While your child is still a few years away from applying to colleges, I also suggest you confirm now that college is something they want to for themselves. If it is, start discussing potential majors and careers that interest them now. Obviously they may change their mind by the time they head off to college, but this will give you an idea if college or a vocational school is more appropriate.
If college is something they are not interested in, find out why. You don’t want to force your child to go to college, but you want to make sure their reason is valid and not some fear holding them back. Additionally, if college isn’t something they want, what do they want to do after high school?
We’ve seen the scary student debt numbers and it puts a lump in this Mom’s throat too. At the same time, I sit with a lot of parents who ultimately (and somewhat regretfully) admit that they didn’t consider the return on investment when their child chose which college they wanted to attend. They simply said yes. Regardless of who is footing the bill, you absolutely must consider the return on investment. And this can be hard for parents.
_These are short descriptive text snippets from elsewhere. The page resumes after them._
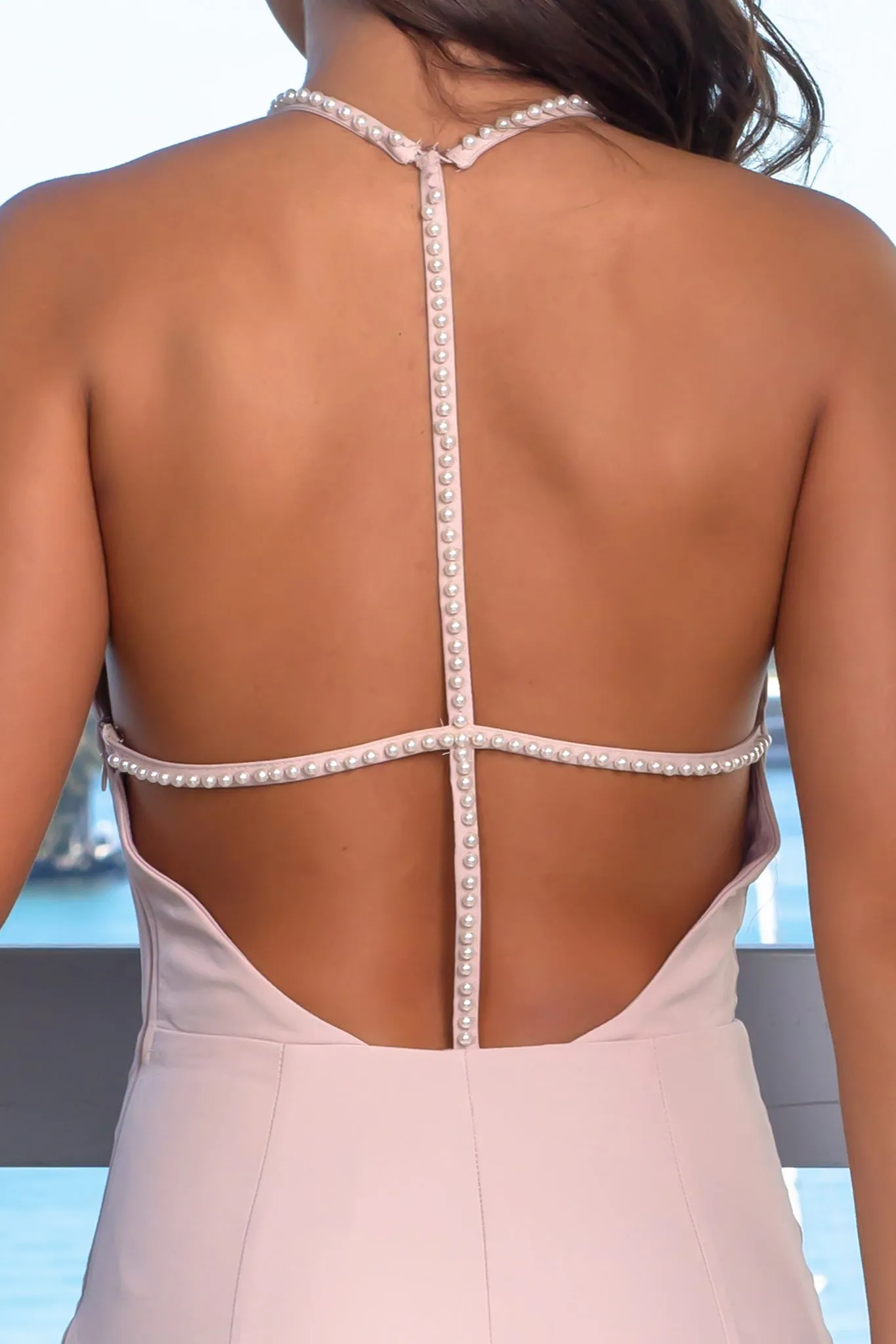 Beige Maxi Dress with Strappy Back and Pearl Detail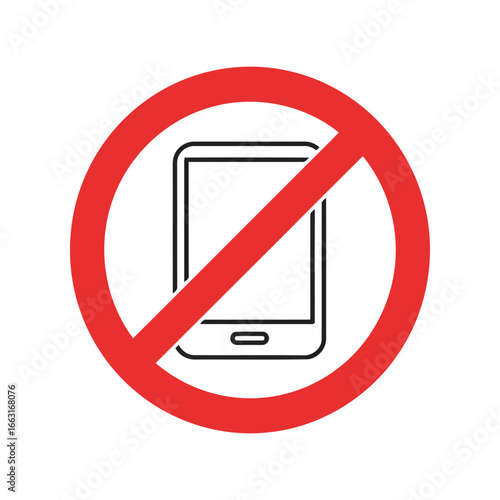 No mobile phone allowed sign prohibition symbol vector illustration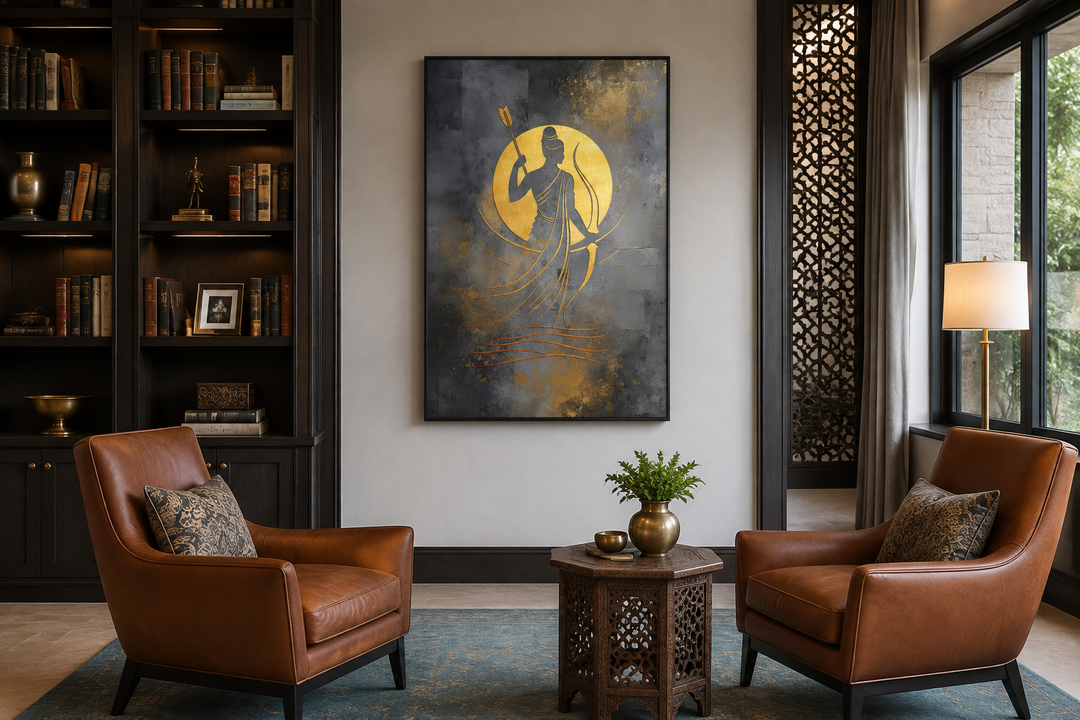 Minimalist Lord Rama gold and silver abstract framed canvas wall art in a modern living room.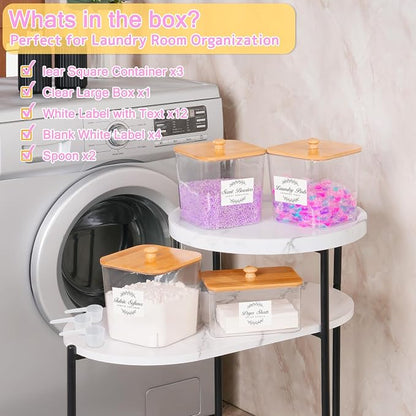 efluky 4+1 pack Laundry Pods Container & Dryer Sheet Holder Set, Laundry Pods - Image 3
Why? Because you may need to make some hard choices on behalf of your child that may lead to slammed doors, raised voices, tears and broken hearts. Although your kids are on the cusp of adulthood, they are still kids who don’t have the real world experience you do. Even if they understand the risk debt carries, there is still a huge difference between understanding a concept and living with debt. To many kids, a little student debt is worth going to their dream college, but they may feel differently when they spend years paying off that debt and forgoing other things they want. You need to be strong for them.
This is often an eye-opening exercise for kids. Most kids tend to have an overly optimistic view of their earning potential. 🙂 They need to see what the average person earns in their chosen profession and more importantly, how that translates into a paycheck after taxes. So take the time now to run the numbers, comparing both low-cost and high-cost colleges so they can see a more complete picture.
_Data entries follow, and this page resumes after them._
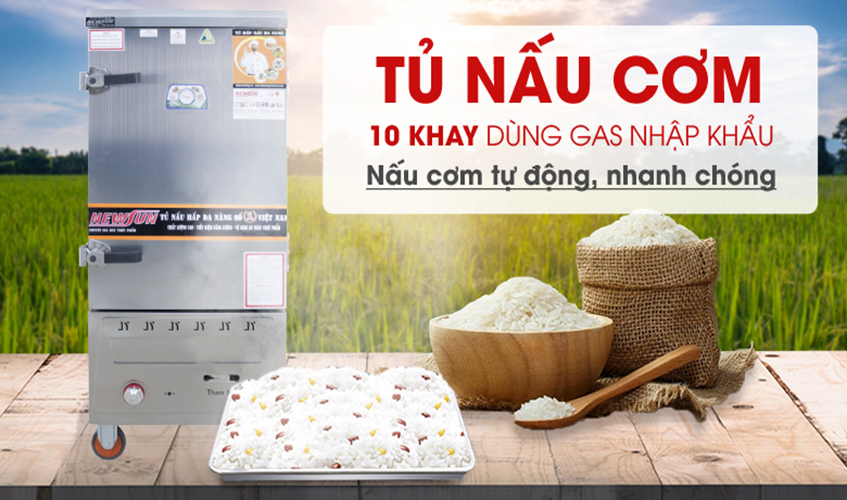 Tủ Nấu Cơm 30 Kg Gạo/ Mẻ Bằng Gas 10 Khay Nhập Khẩu NEWSUN - Hàng Chính Hãng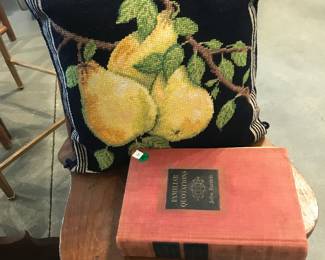 Needle point pillow, book, wood spindle back chair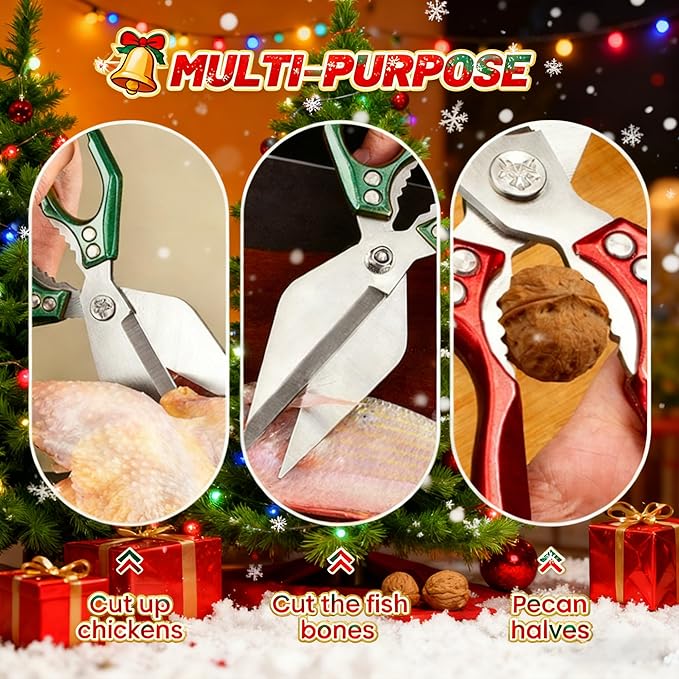 Multifunctional Heavy-Duty Kitchen Shears,Kitchen Shears for Cutting Chicken,Kitchen Scissors for Food, Japanese High-Carbon Steel Culinary Shears,for Chicken,Bone Cutting,Christmas Gifts (Gold)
Now let’s fast forward to after college when they are living on their own, earning the average salary in their chosen field. Find out where they want to live and an average rent in that city. Now give them a hypothetical picture of what their life will look like by subtracting rent, car insurance, gas, utilities, groceries, phone and cable bill and their student debt, if applicable, from their potential monthly earnings. They may be very humbled after they see how much money goes towards paying bills.
Now it comes down to priorities. Many kids enjoy four or more great years at college on their student loans and credit cards, then face the hard slap of reality when they graduate. So talk to your teens now about what they want to life look after graduation and how their college costs can affect their dreams. Kids tend to live in the moment and don’t think big picture. You have to help them see the big picture. Life is about the choices we make, so help them understand the consequences of the choices they make today.
Hopefully you and your child are now on the same page, and it’s time to put together a plan of action. Once again crunch the numbers and see where you stand. If you cannot pay for everything (which is fine), how will those remaining costs be covered? Scholarships? Part-time job? Grants? Work-study? Work the numbers to eliminate or reduce the need for student loans. If your child still needs additional assistance, then make sure they take the minimal amount of student debt possible. Often times they will be offered more money than needed, which they will accept without some guidance (or intervention) from you.
Help them put together a budget with clear expectations as to who is paying for what and make sure they understand the repercussions of not paying bills on time. I strongly encourage you to make sure your children are budget-proficient before they leave for college. Give them plenty of hands-on experience on how budgets work and why they matter.
As I said in the beginning, parents put much of their attention on raising the funds to help send their children to college, which is completely understandable. While the financial support is a welcome gift, the most important gift you can give your child is the tools to be financially independent. To help them understand how to make smart money decisions that align with their goals and values. To have a plan in place to tackle any student debt they may have. To be nimble in good and bad times. As proud as I will be when my girls walk across the stage to receive their degrees, knowing that I have to raised them to be financially independent will be an even greater achievement.